WHAT TO DO
Nothing but the records themselves, exactly as written, should appear in the reply; leave out the pictures.

INPUT RECORDS
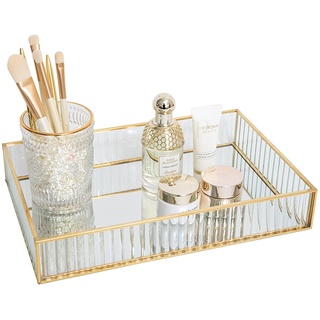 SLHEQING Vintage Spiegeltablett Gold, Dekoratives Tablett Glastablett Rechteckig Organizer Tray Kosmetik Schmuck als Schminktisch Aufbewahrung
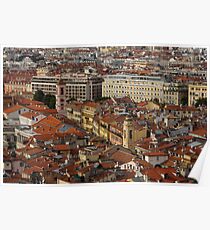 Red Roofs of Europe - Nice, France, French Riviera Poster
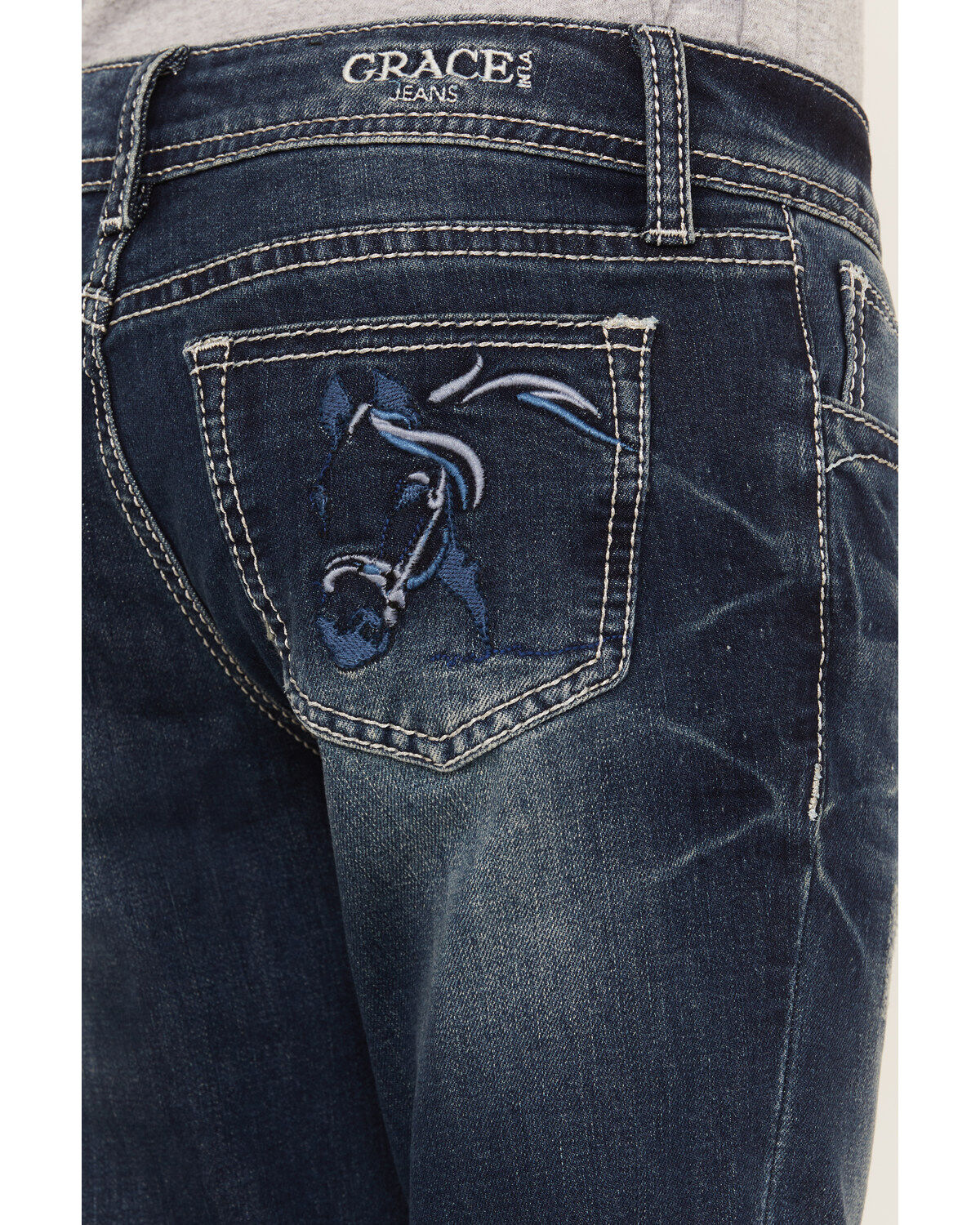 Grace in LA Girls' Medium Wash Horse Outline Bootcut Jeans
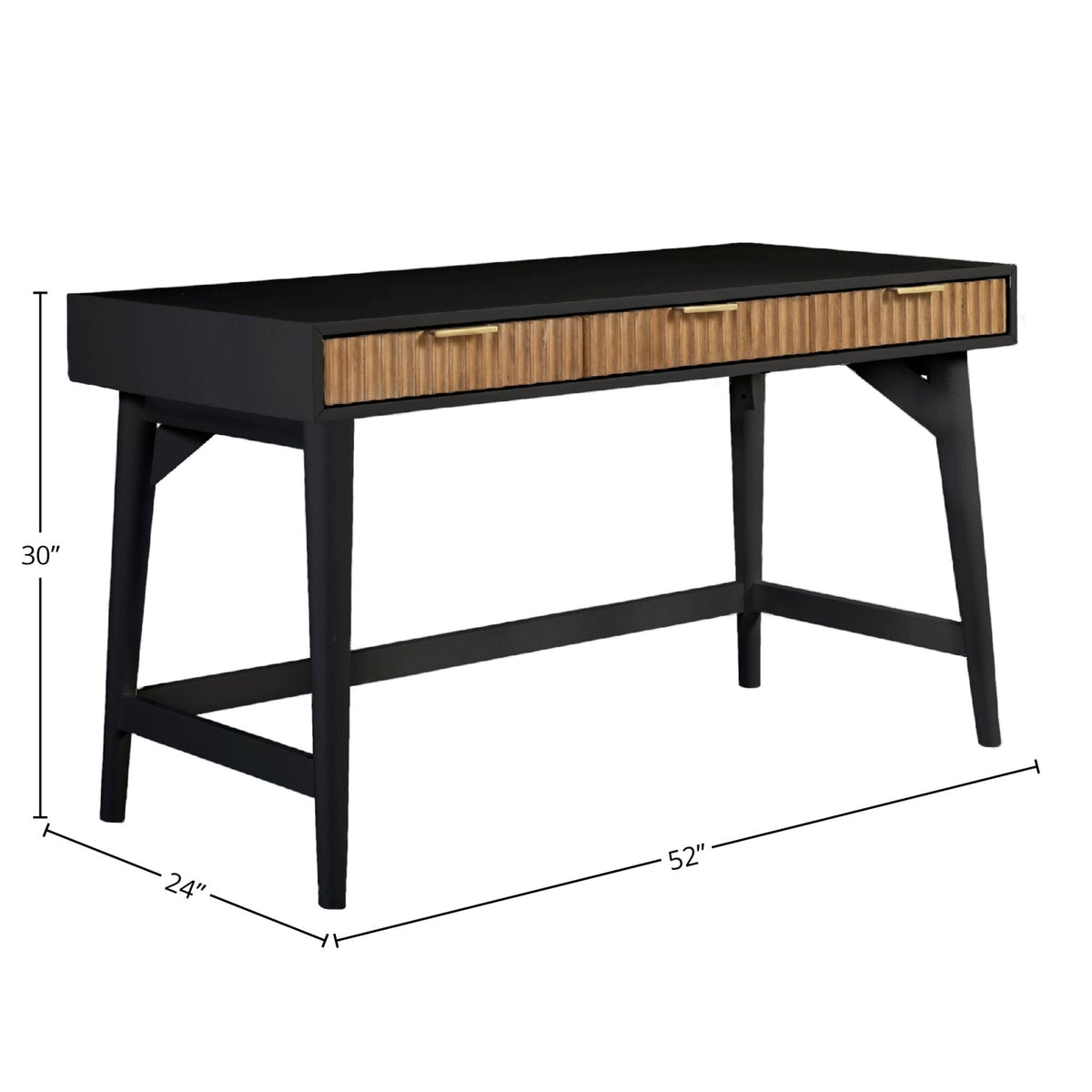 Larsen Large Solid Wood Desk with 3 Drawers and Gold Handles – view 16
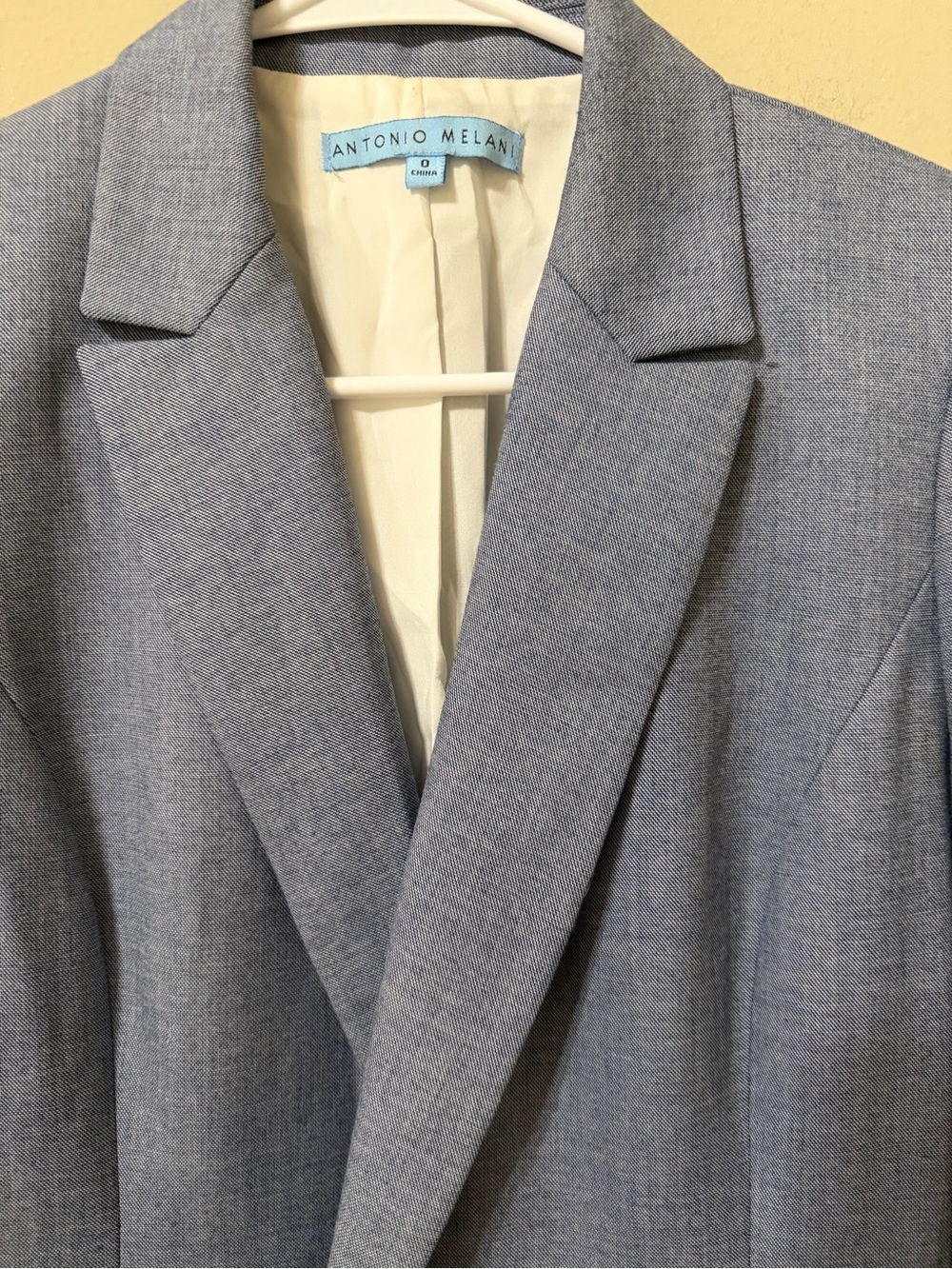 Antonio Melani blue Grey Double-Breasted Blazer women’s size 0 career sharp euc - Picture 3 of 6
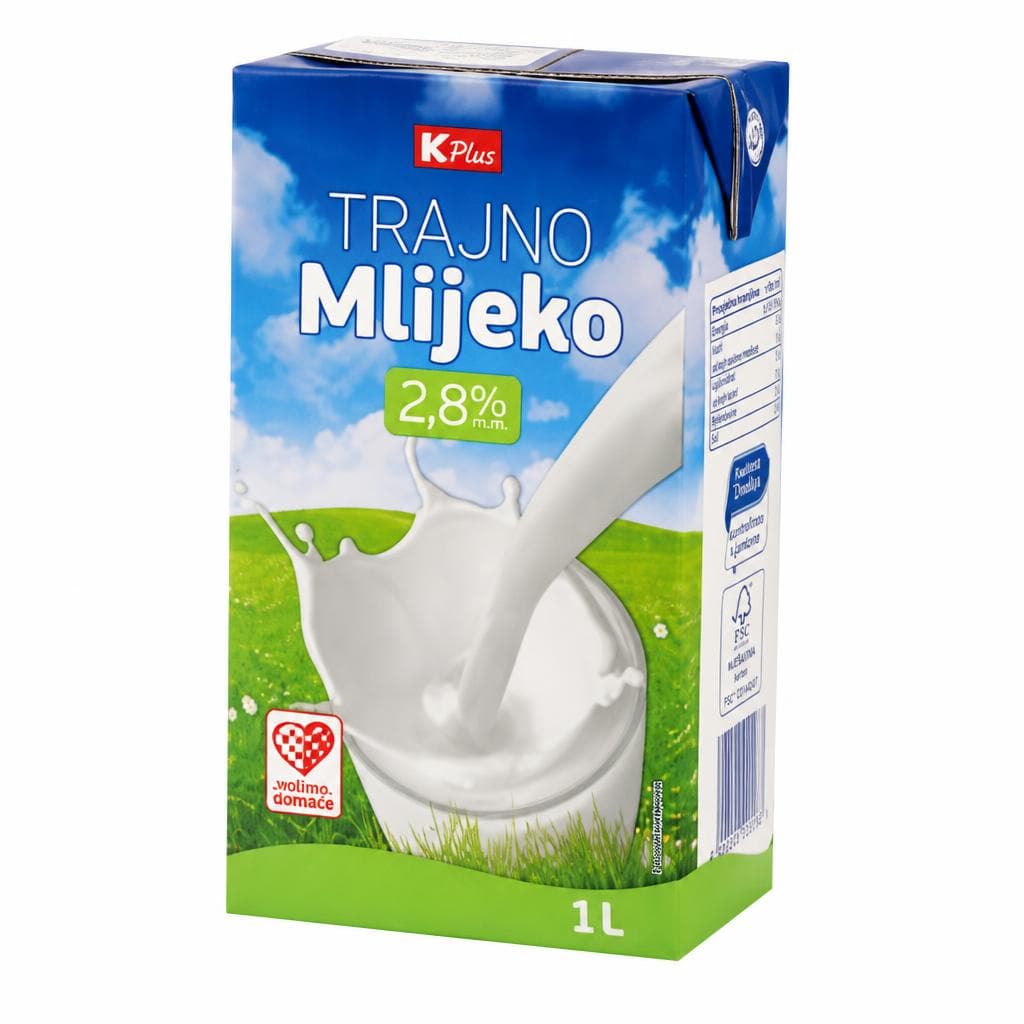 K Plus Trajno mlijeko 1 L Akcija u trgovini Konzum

ANSWER FOR THIS EXERCISE
 SLHEQING Vintage Spiegeltablett Gold, Dekoratives Tablett Glastablett Rechteckig Organizer Tray Kosmetik Schmuck als Schminktisch Aufbewahrung
 Red Roofs of Europe - Nice, France, French Riviera Poster
 Grace in LA Girls' Medium Wash Horse Outline Bootcut Jeans
 Larsen Large Solid Wood Desk with 3 Drawers and Gold Handles – view 16
 Antonio Melani blue Grey Double-Breasted Blazer women’s size 0 career sharp euc - Picture 3 of 6
 K Plus Trajno mlijeko 1 L Akcija u trgovini Konzum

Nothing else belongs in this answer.